PROBLEM:
Where a picture appears, leave it out; copy everything else in the records exactly.

INPUT:

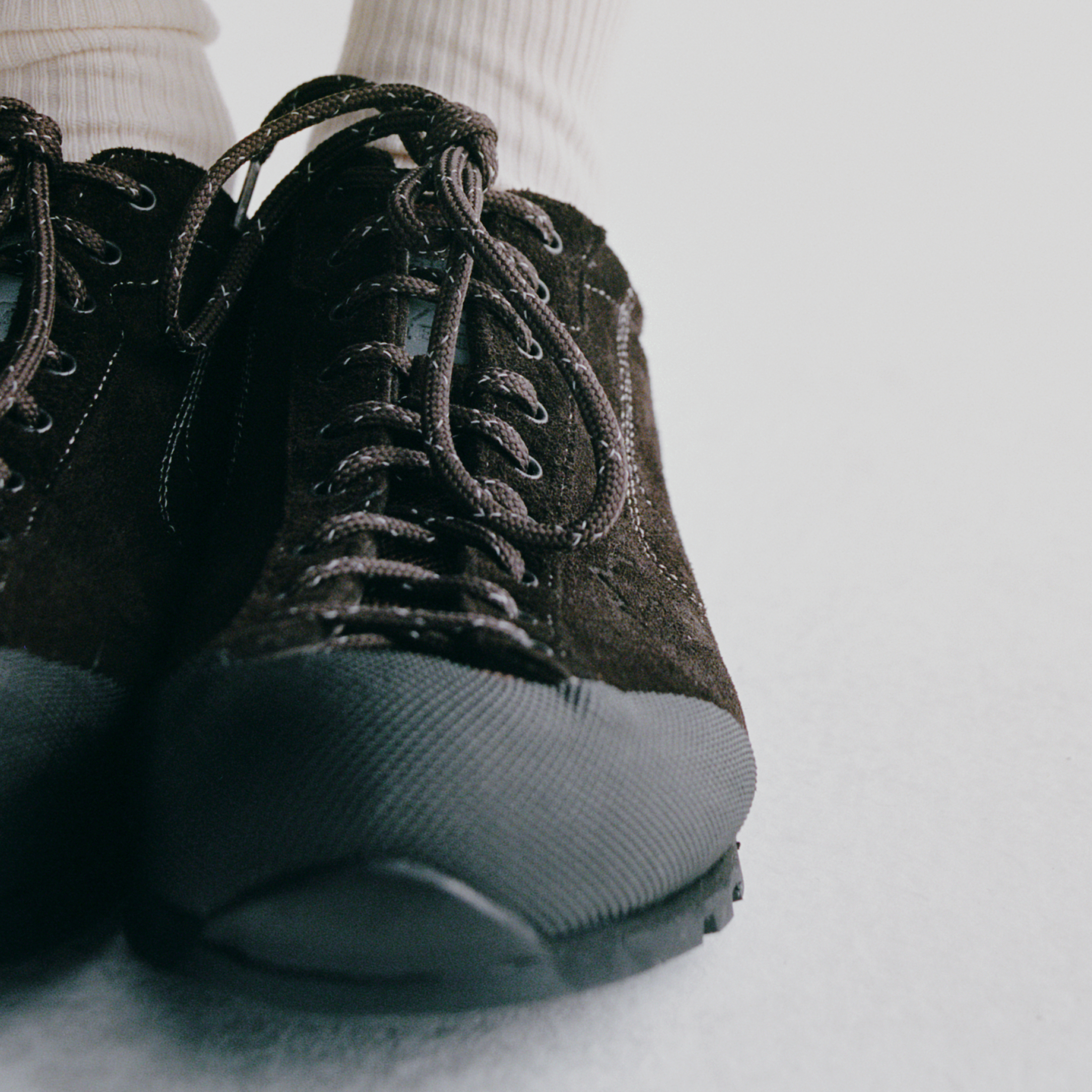 Black Diemme collaboration sneakers with textured upper and lace-up design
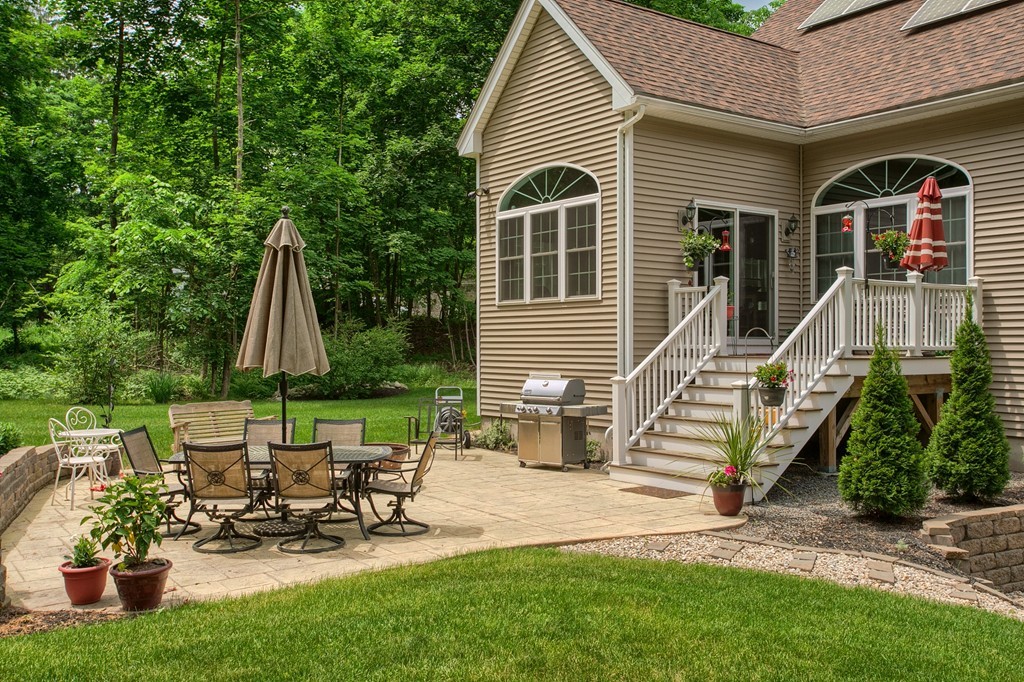 264 Westford Road Tyngsborough, MA 01879 - Photo 25 of 27 a view of a house with backyard sitting area and garden
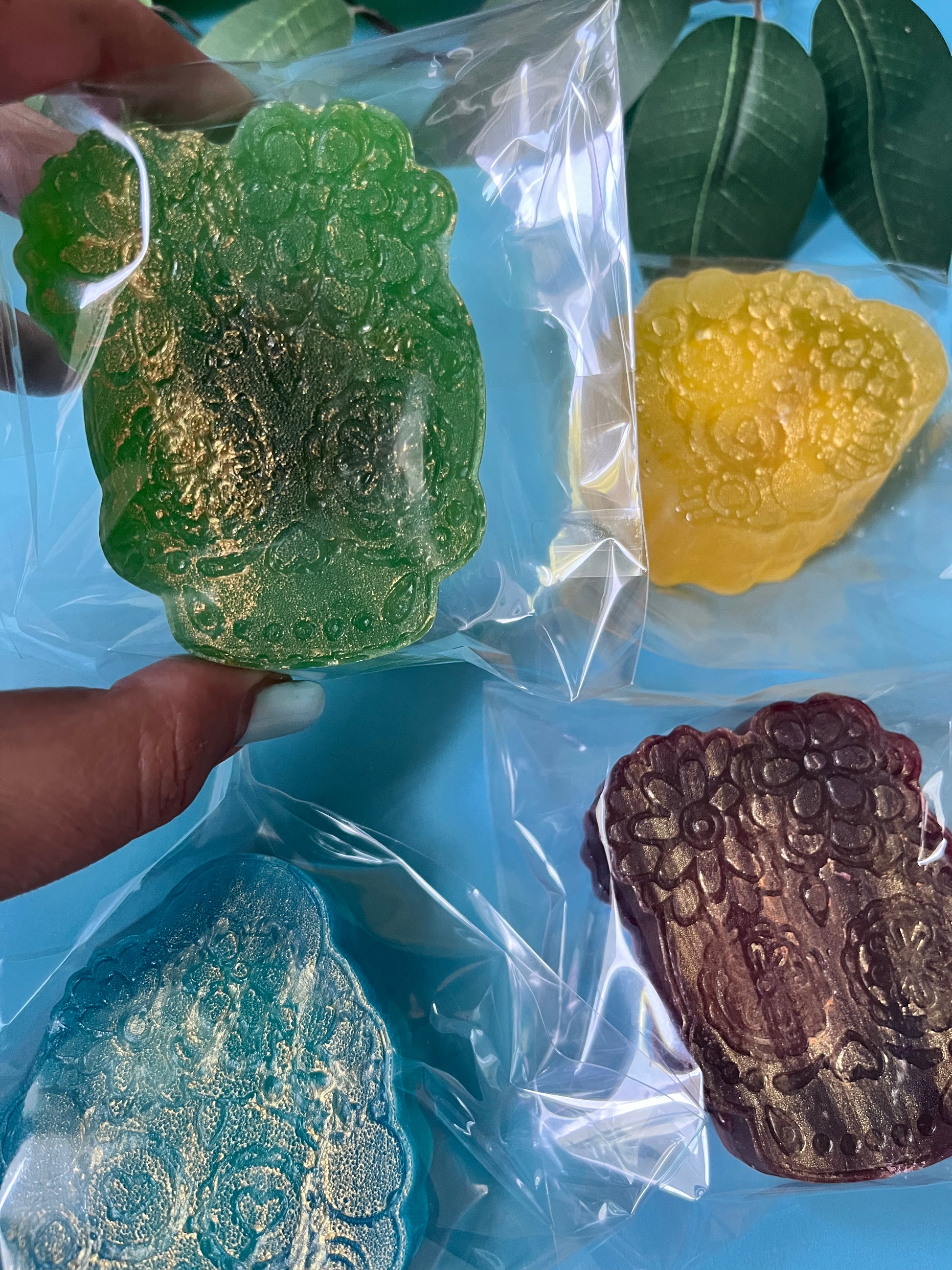 Delicious crystal candy in various colors on a blue surface.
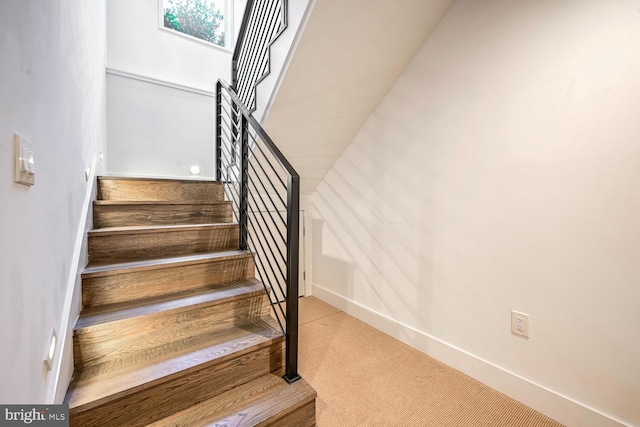 stairway with baseboards and carpet flooring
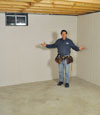 Ballston Spa basement insulation covered by EverLast wall paneling, with SilverGlo insulation underneath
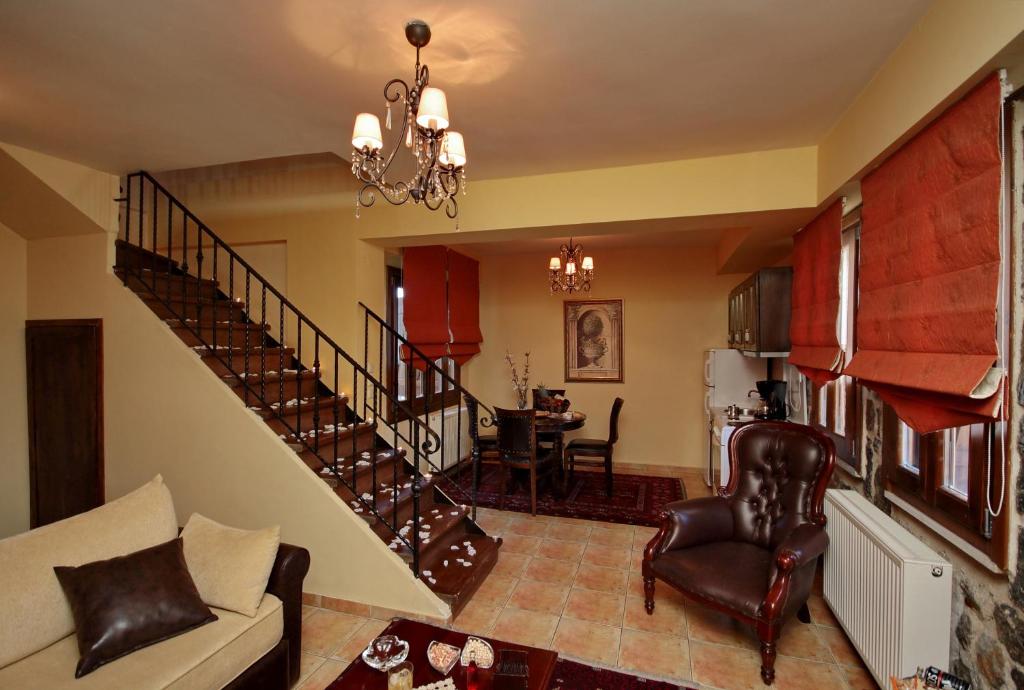 Posezení v ubytování Menalia Villas & Suites ΚΤΗΜΑ ΚΟΥΜΠΟΥΡΗ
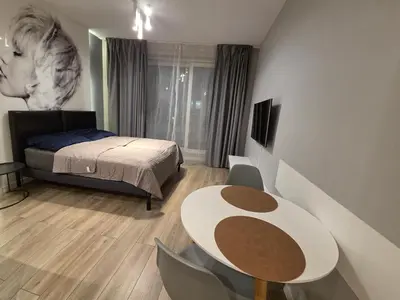 Łóżko lub łóżka w pokoju w obiekcie Apartamenty OVO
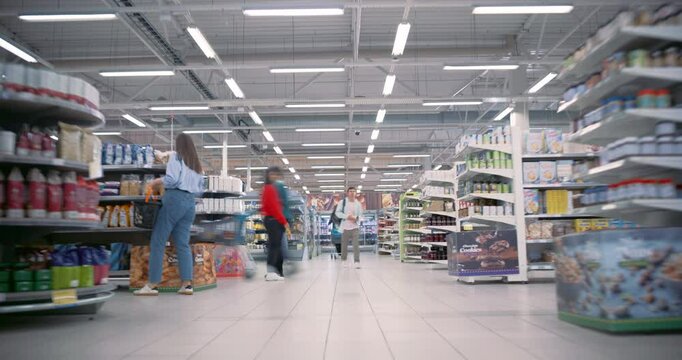 Families and Individuals from Various Backgrounds Shop Together in a Busy Supermarket. Customers Pick Up Canned Food and Packaged Goods while Comparing Prices. Time Lapse Footage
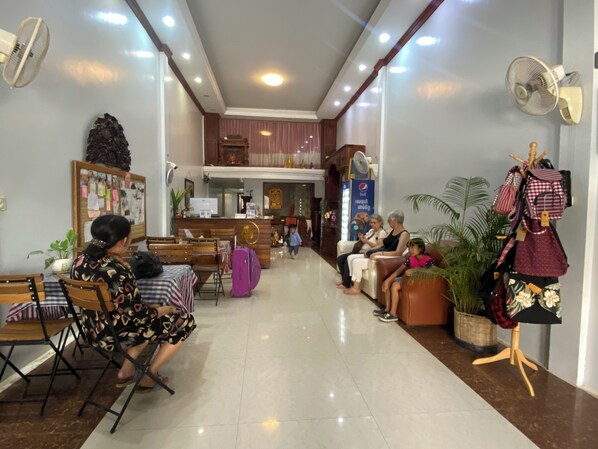 Un vestíbulo de hotel con zonas de estar, un mostrador de recepción y una exhibición de maletas.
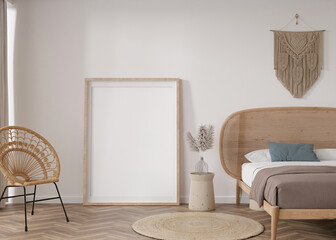 Empty vertical picture frame standing on parquet floor in modern bedroom. Mock up interior in boho style. Free space for picture or poster. Bed, macrame, rattan armchair, pampas grass. 3D rendering.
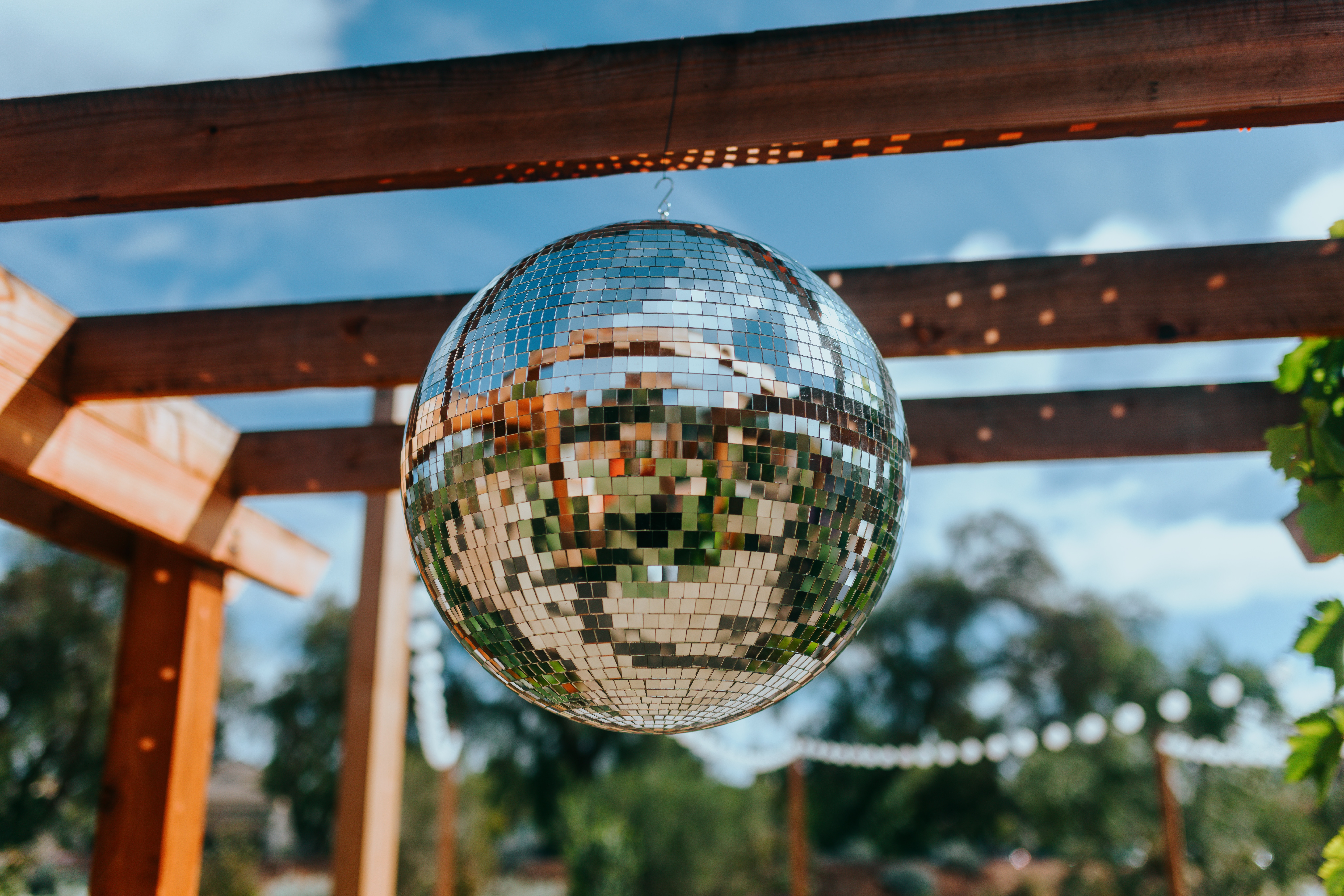 A disco ball hangs outside below a pergola, with a band of lights in the background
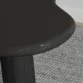 close view of black round dedge of table.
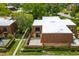 Aerial view of the townhouse and fenced patio with ample parking and well maintained grounds and landscaping at 5251 Brook Ct # 242, Orlando, FL 32811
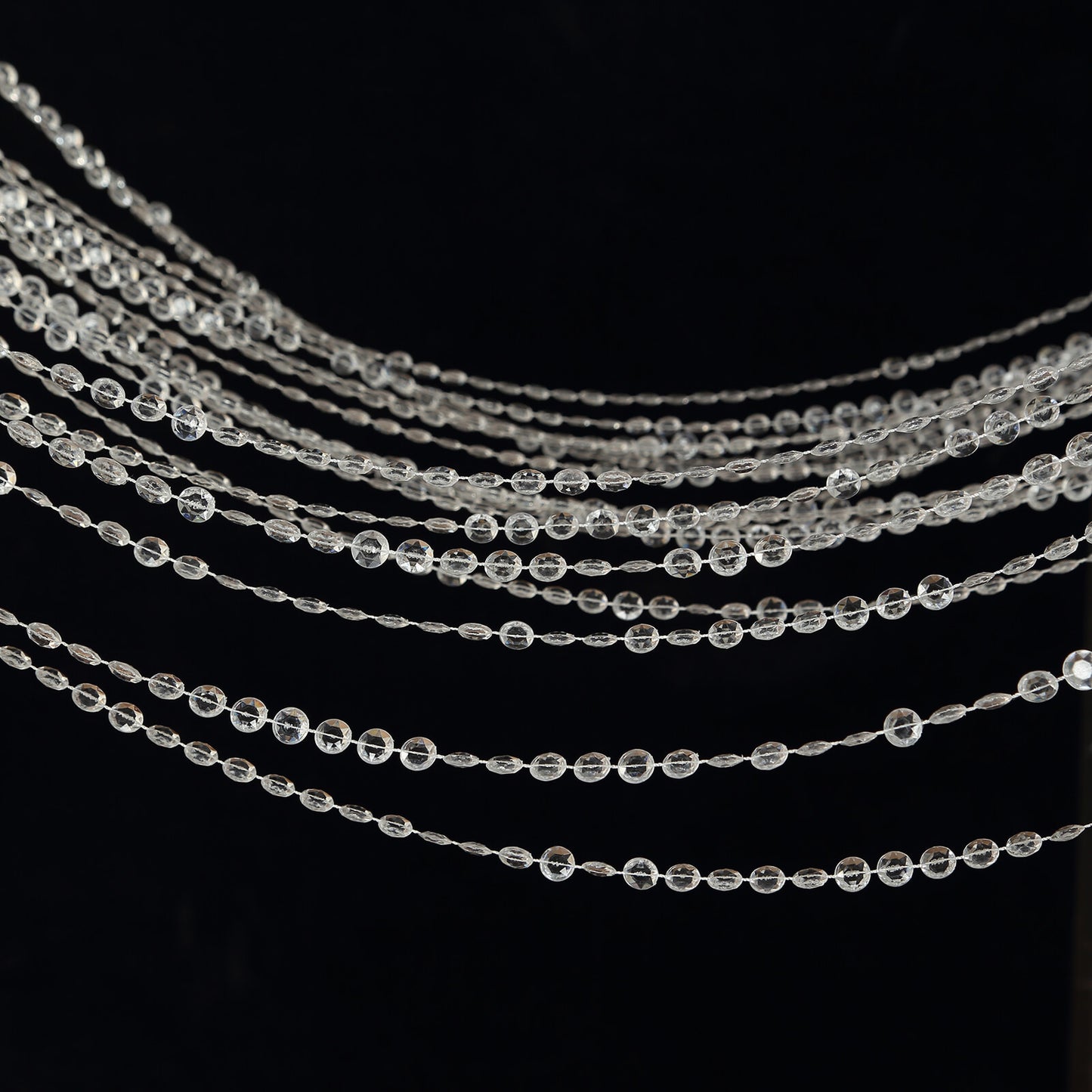 Clear acrylic beaded curtain with diamond cut beads and fabric rod pocket.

OUTPUT OF THE TASK:
 Black Diemme collaboration sneakers with textured upper and lace-up design
 264 Westford Road Tyngsborough, MA 01879 - Photo 25 of 27 a view of a house with backyard sitting area and garden
 Delicious crystal candy in various colors on a blue surface.
 stairway with baseboards and carpet flooring
 Ballston Spa basement insulation covered by EverLast wall paneling, with SilverGlo insulation underneath
 Posezení v ubytování Menalia Villas & Suites ΚΤΗΜΑ ΚΟΥΜΠΟΥΡΗ
 Łóżko lub łóżka w pokoju w obiekcie Apartamenty OVO
 Families and Individuals from Various Backgrounds Shop Together in a Busy Supermarket. Customers Pick Up Canned Food and Packaged Goods while Comparing Prices. Time Lapse Footage
 Un vestíbulo de hotel con zonas de estar, un mostrador de recepción y una exhibición de maletas.
 Empty vertical picture frame standing on parquet floor in modern bedroom. Mock up interior in boho style. Free space for picture or poster. Bed, macrame, rattan armchair, pampas grass. 3D rendering.
 A disco ball hangs outside below a pergola, with a band of lights in the background
 close view of black round dedge of table.
 Aerial view of the townhouse and fenced patio with ample parking and well maintained grounds and landscaping at 5251 Brook Ct # 242, Orlando, FL 32811
 Clear acrylic beaded curtain with diamond cut beads and fabric rod pocket.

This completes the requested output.